Extracted data entries:
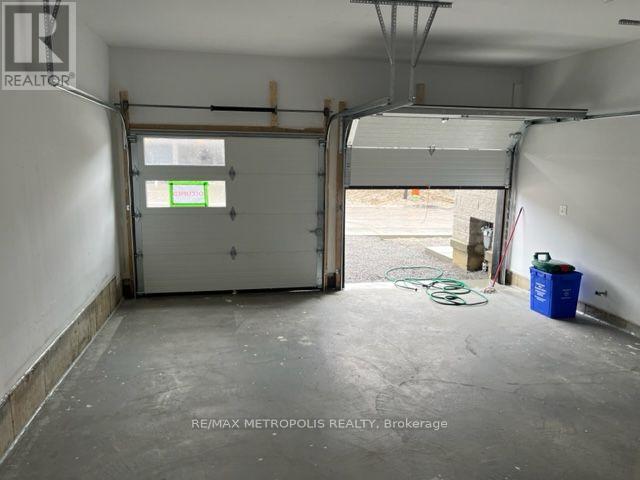 17 Vern Robertson Gate, Uxbridge, Ontario L9P 0R9 - Photo 33 - N13676994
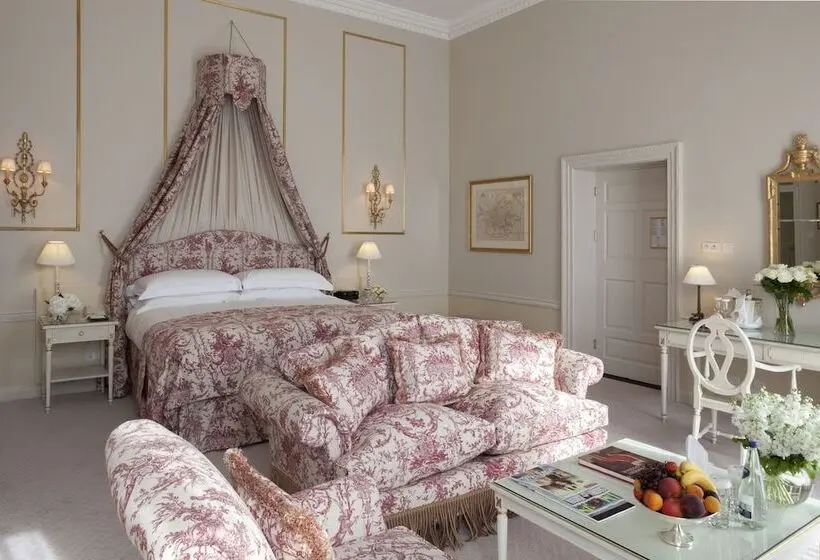 اتاق استاندارد, The Merrion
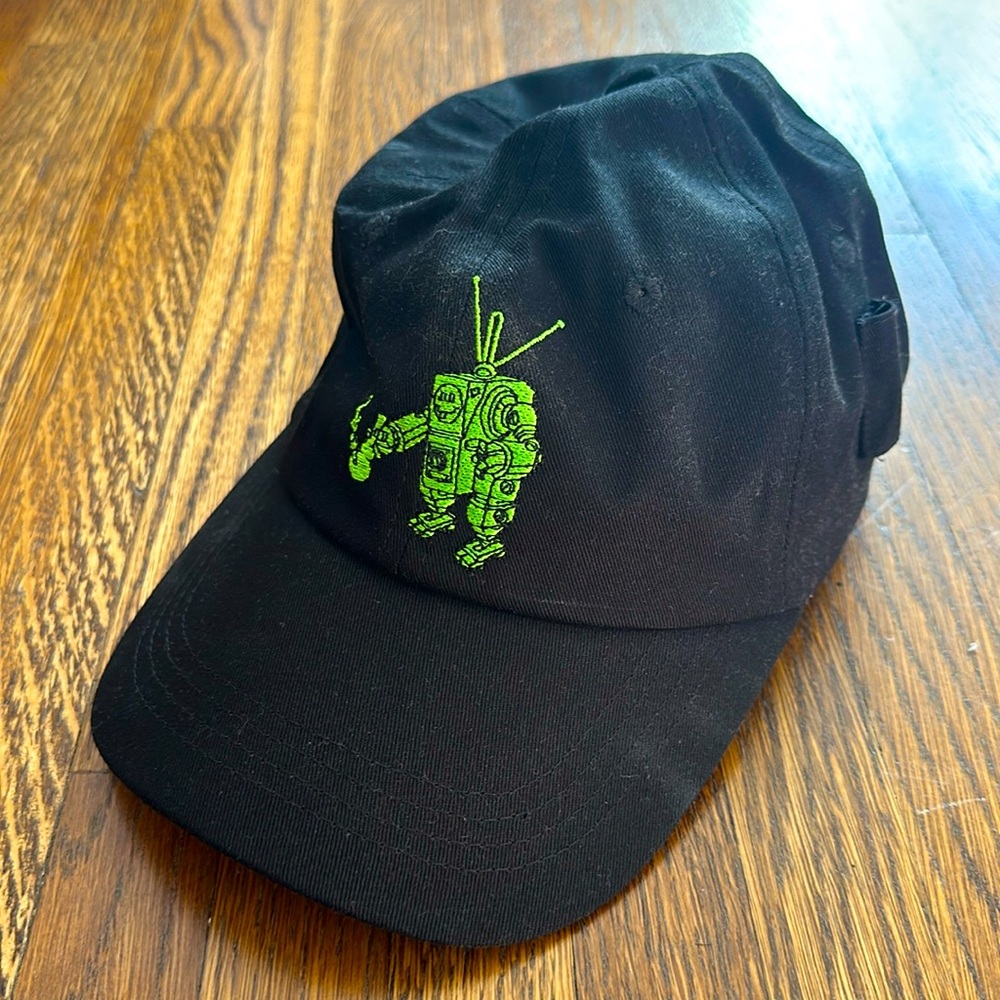 Men’s Black Cotton Baseball Cap with logo and Joint/Cigarette holder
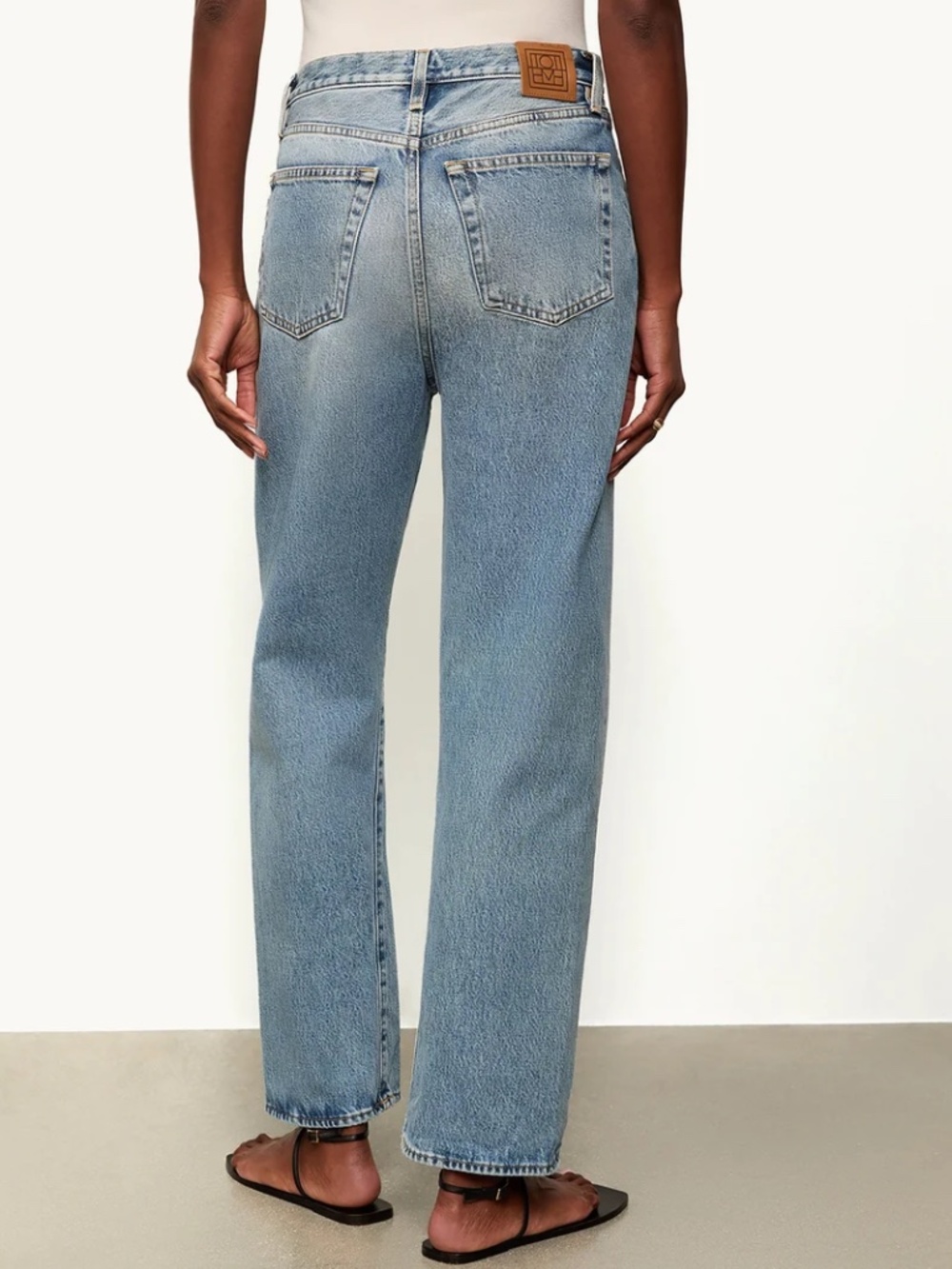 Toteme Twisted Seam Jean - Picture 4 of 11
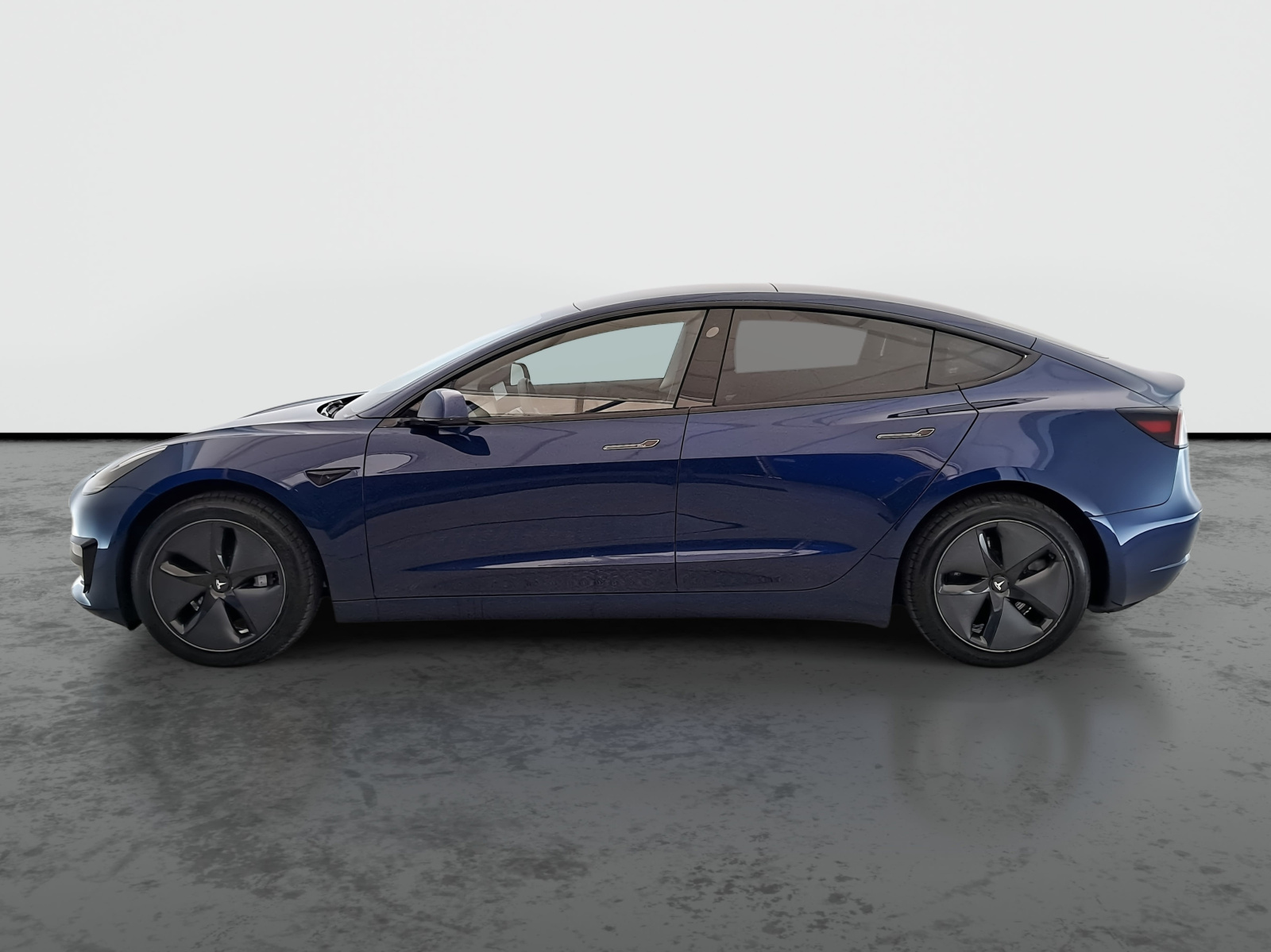 Tesla Model 3 Long Range AWD – fotografie 4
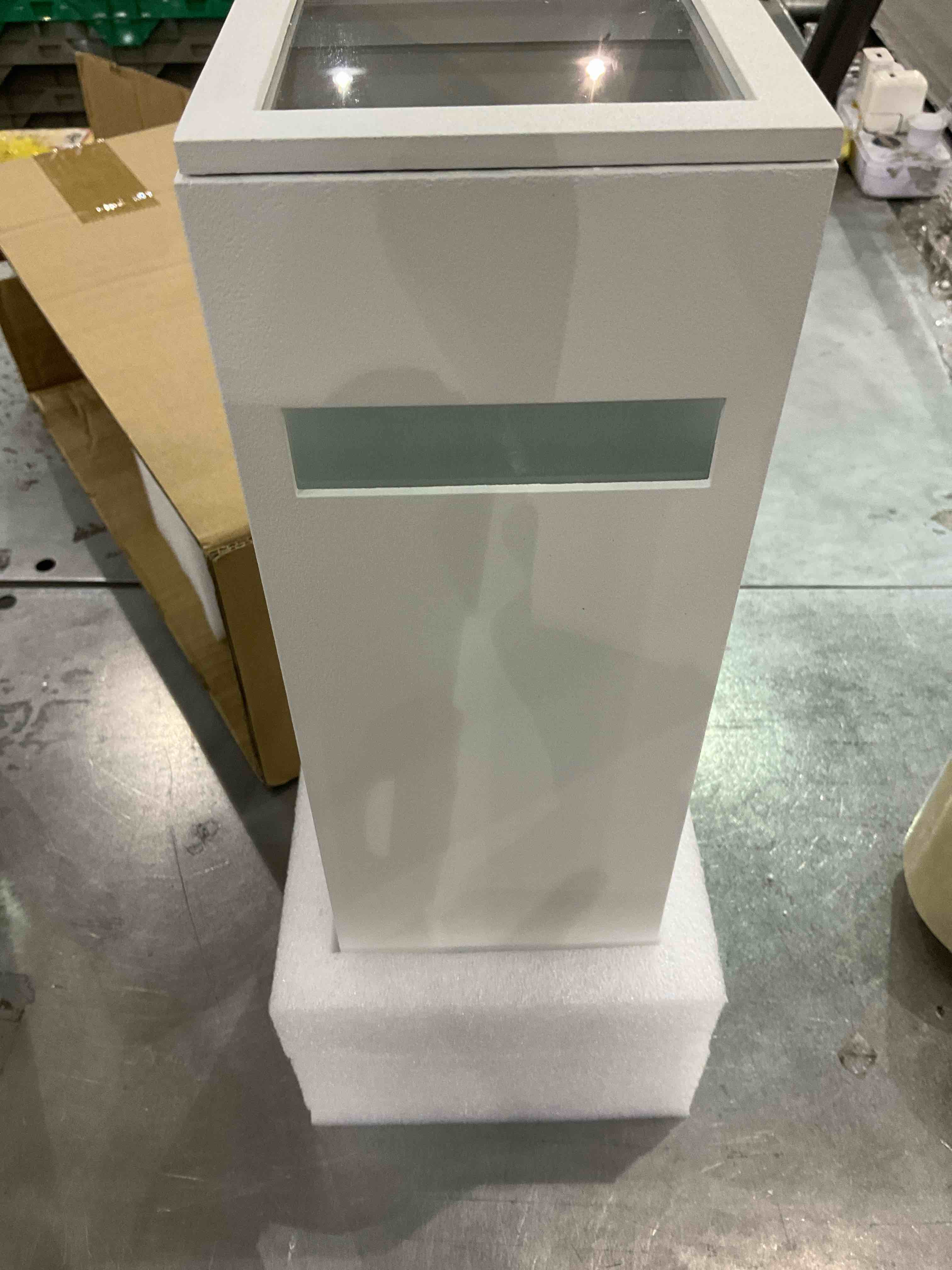 https://s3.amazonaws.com/lotting-images-prod/BargainHunt/EXS00984329_1706790722092.jpeg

Exercise details: Only the lines from the one with "Men’s Black Cotton" through the final line of the entries above are to be repeated, exactly as written and without pictures.

Solution for this problem:
 Men’s Black Cotton Baseball Cap with logo and Joint/Cigarette holder
 Toteme Twisted Seam Jean - Picture 4 of 11
 Tesla Model 3 Long Range AWD – fotografie 4
 https://s3.amazonaws.com/lotting-images-prod/BargainHunt/EXS00984329_1706790722092.jpeg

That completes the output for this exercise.